*** Opening Data extract ***

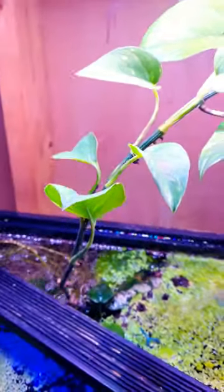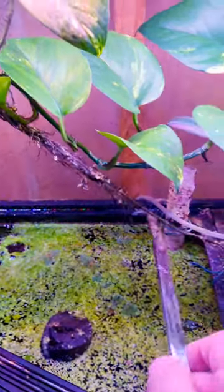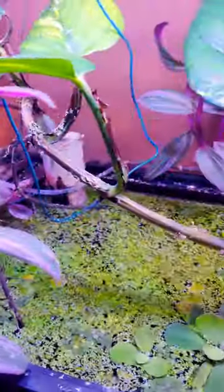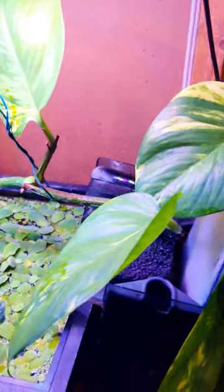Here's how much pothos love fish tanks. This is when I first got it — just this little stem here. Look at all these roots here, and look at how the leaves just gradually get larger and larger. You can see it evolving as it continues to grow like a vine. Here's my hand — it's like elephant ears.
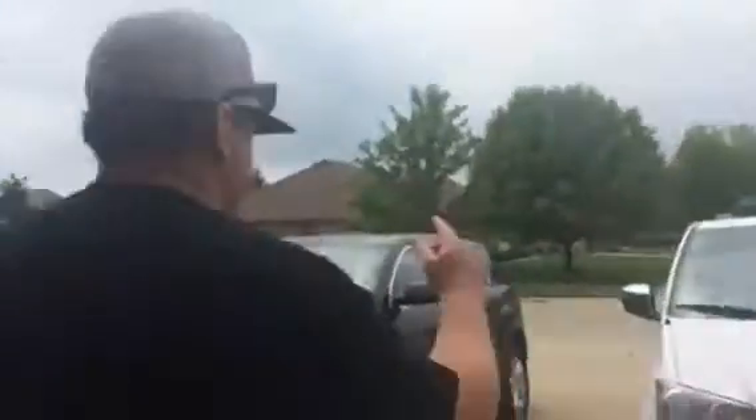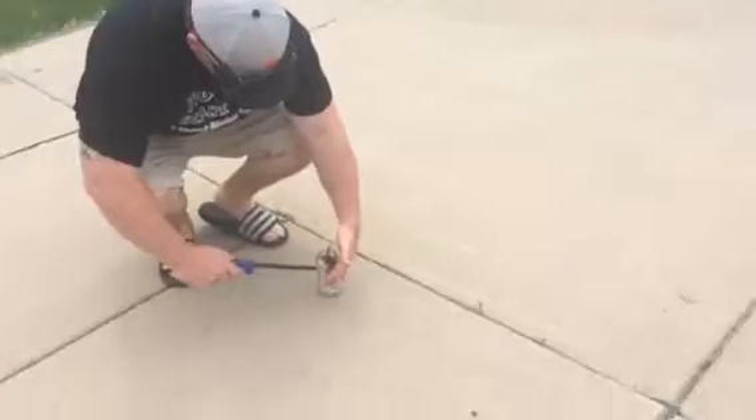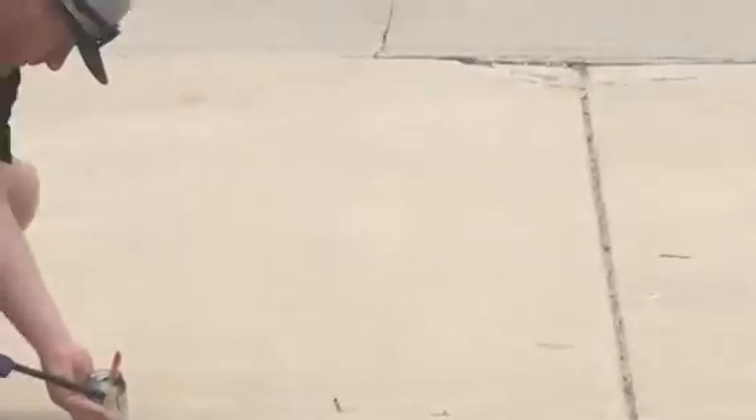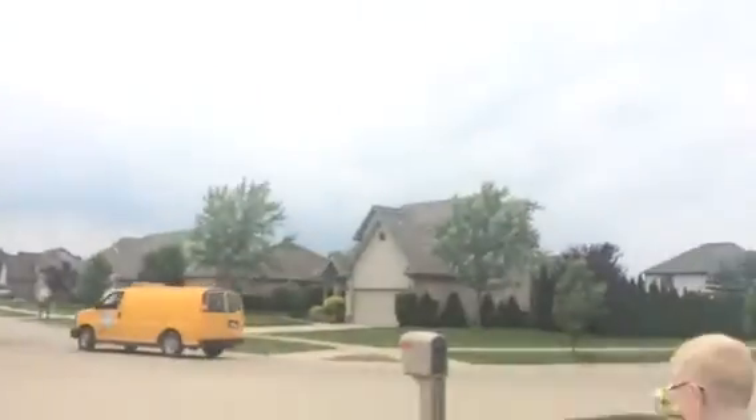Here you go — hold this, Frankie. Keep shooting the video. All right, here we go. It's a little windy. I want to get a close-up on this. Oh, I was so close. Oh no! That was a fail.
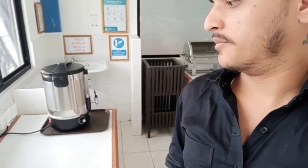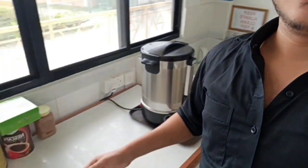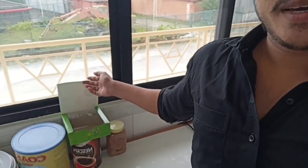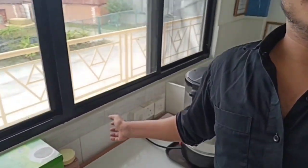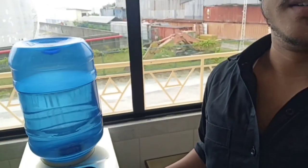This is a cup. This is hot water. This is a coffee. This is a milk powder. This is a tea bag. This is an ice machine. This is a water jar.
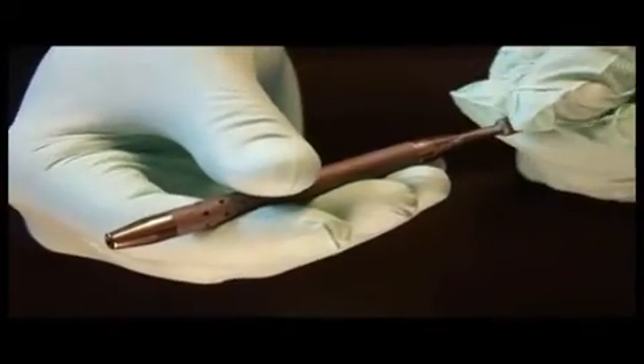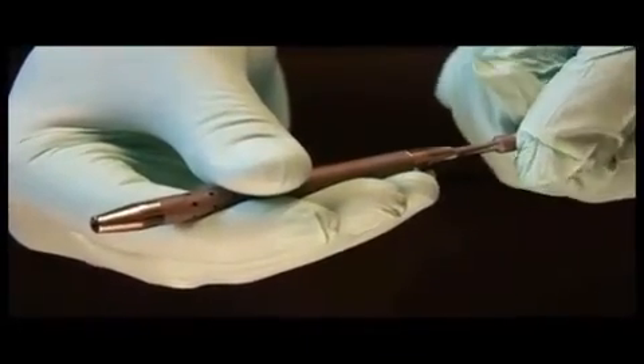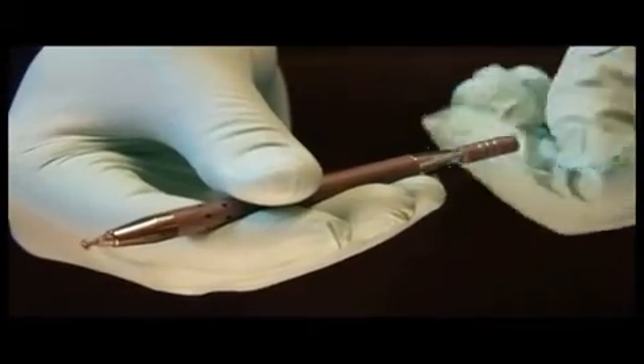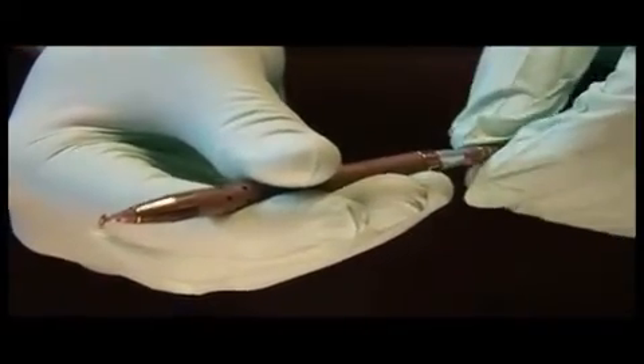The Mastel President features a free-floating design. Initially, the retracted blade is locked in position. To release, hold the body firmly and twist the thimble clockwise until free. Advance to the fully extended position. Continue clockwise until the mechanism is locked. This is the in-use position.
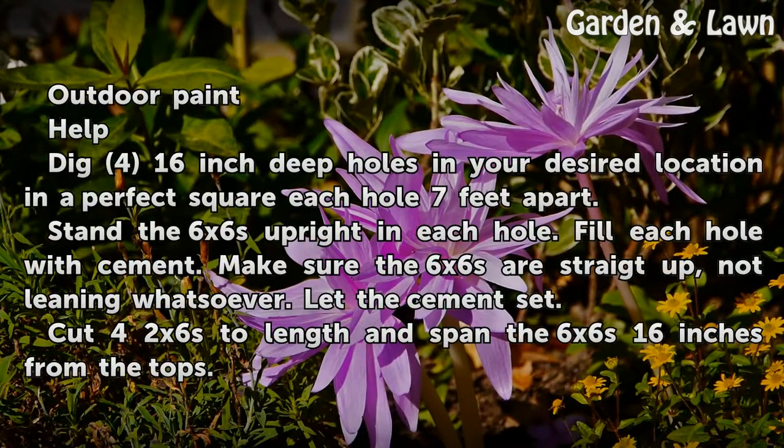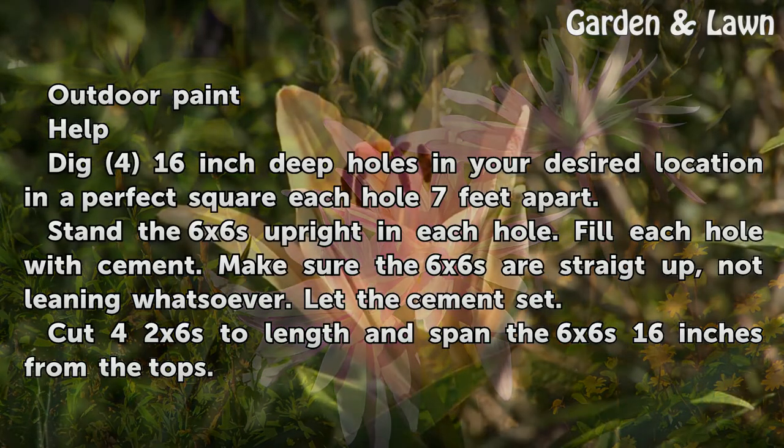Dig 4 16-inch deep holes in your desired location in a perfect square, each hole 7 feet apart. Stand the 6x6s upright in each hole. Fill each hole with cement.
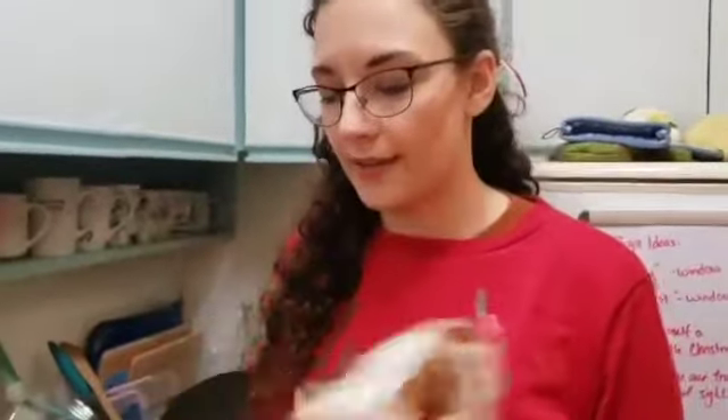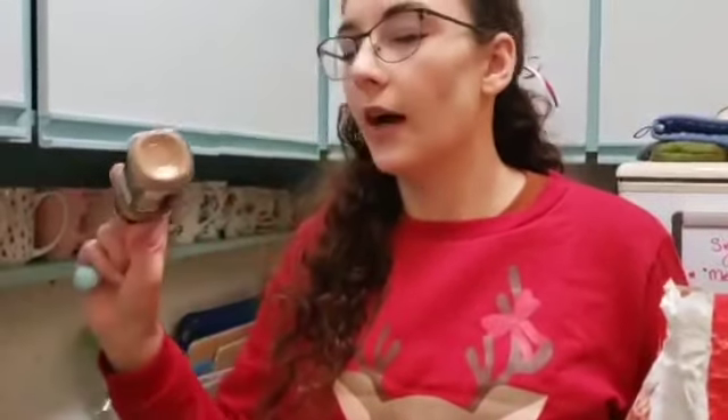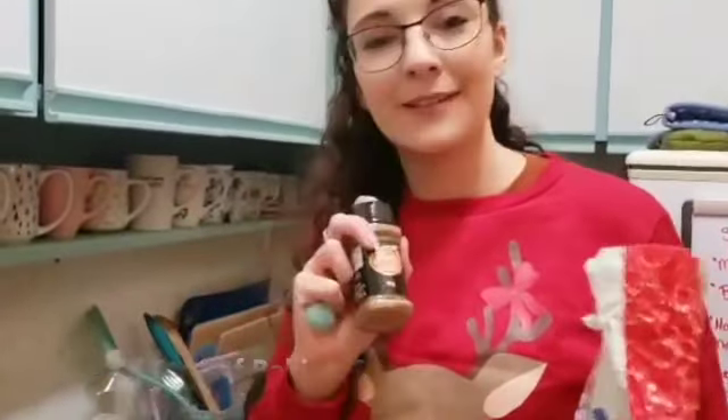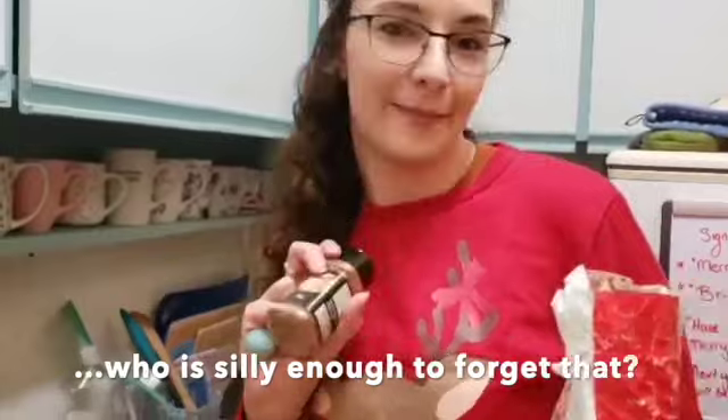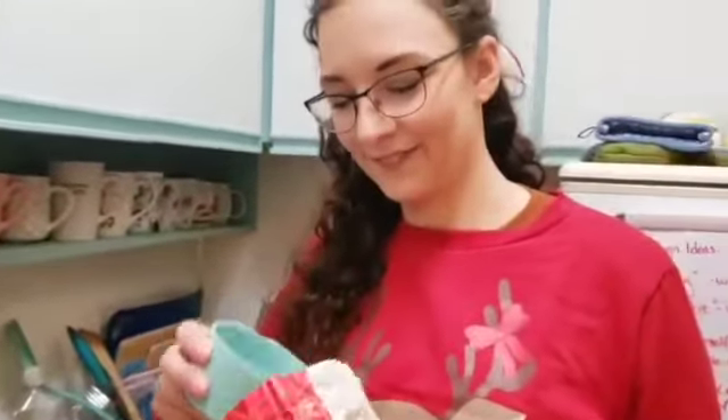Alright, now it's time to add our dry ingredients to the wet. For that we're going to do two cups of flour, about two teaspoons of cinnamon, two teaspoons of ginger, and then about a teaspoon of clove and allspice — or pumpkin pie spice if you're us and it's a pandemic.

*** Closing Data extract ***

Nothing but an exact copy is asked for: the lines from the start of the records through the line with "Here you go", both ends included, minus any pictures.

Here's how much pothos love fish tanks. This is when I first got it — just this little stem here. Look at all these roots here, and look at how the leaves just gradually get larger and larger. You can see it evolving as it continues to grow like a vine. Here's my hand — it's like elephant ears.
Here you go — hold this, Frankie. Keep shooting the video. All right, here we go. It's a little windy. I want to get a close-up on this. Oh, I was so close. Oh no! That was a fail.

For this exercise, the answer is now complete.